2). I’d enjoyed the first novel very much and couldn’t wait to find out what happened to the main character, Colonel Butler. Then when I’d finished the book, I was eager to interview Michael about how he combines a very personal story of a man who’s now a hero to some and a villain to others, and not quite sure where his path is leading him, with the military action, interstellar politics and mystery. I was excited to have a chance to interview Michael about the new book.

A little about the author, from his official biography:  “Michael Mammay is a retired army officer and a graduate of the United States Military Academy. He has a master’s degree in military history, and he is a veteran of Desert Storm, Somalia, and the wars in Iraq and Afghanistan.”

The book blurb (courtesy of Harper/Collins): A military legend is caught in the web between alien intrigue and human subterfuge…

Following his mission on Cappa, Colonel Carl Butler returns to a mixed reception. To some he is a do-or-die war hero. To the other half of the galaxy he’s a pariah. Forced into retirement, he has resettled on Talca Four where he’s now Deputy VP of Corporate Security, protecting a high-tech military company on the corporate battlefield—at least, that’s what the job description says. Really, he’s just there to impress clients and investors. It’s all relatively low risk—until he’s entrusted with new orders. A breach of a competitor’s computer network has Butler’s superiors feeling every bit as vulnerable. They need Butler to find who did it, how, and why no one’s taken credit for the ingenious attack.

As accustomed as Butler is to the reality of wargames—virtual and otherwise—this one screams something louder than a simple hack. Because no sooner does he start digging when his first contact is murdered, the death somehow kept secret from the media. As a prime suspect, he can’t shake the sensation he’s being watched…or finally succumbing to the stress of his past. Paranoid delusion or dangerous reality, Butler might be onto something much deeper than anyone imagined. But that’s where Butler thrives.

If he hasn’t signed his own death warrant.

Veronica for Amazing Stories: With Planetside published, what motivated you to write this new book?

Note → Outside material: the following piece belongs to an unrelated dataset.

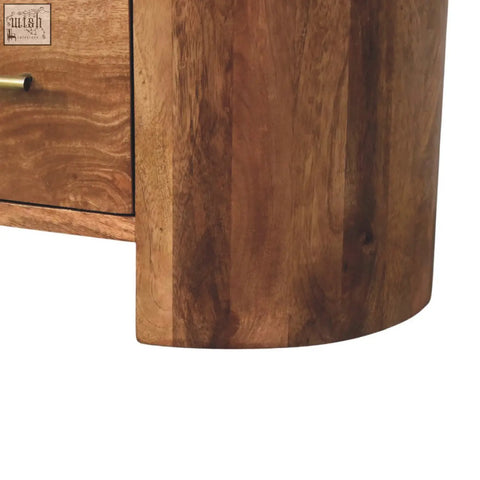 A curved valencia sculpted bedside wooden cabinet with warm brown finish and natural wood grain visible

Why this one, as opposed to writing an all new adventure for someone else?

Michael: This one isn’t very romantic I’m afraid…I wrote it because it was in the contract. I signed a two book deal with Voyager, but didn’t really talk about what the second book was going to be. When I wrote Planetside, I thought of it as a stand-alone. When I got the contract, it was for two books featuring the same main character. So I started to think about Butler’s life after Planetside, and what it looked like. It’s an interesting topic, the combination of art and business.

ASM.: I read your “Big Idea” post on John Scalzi’s blog which was enlightening and insightful about the aspects of this book that are a personal journey for you and for Butler, the main character.  If you were to write more of Colonel Butler’s life story, what do you envision his third act might be?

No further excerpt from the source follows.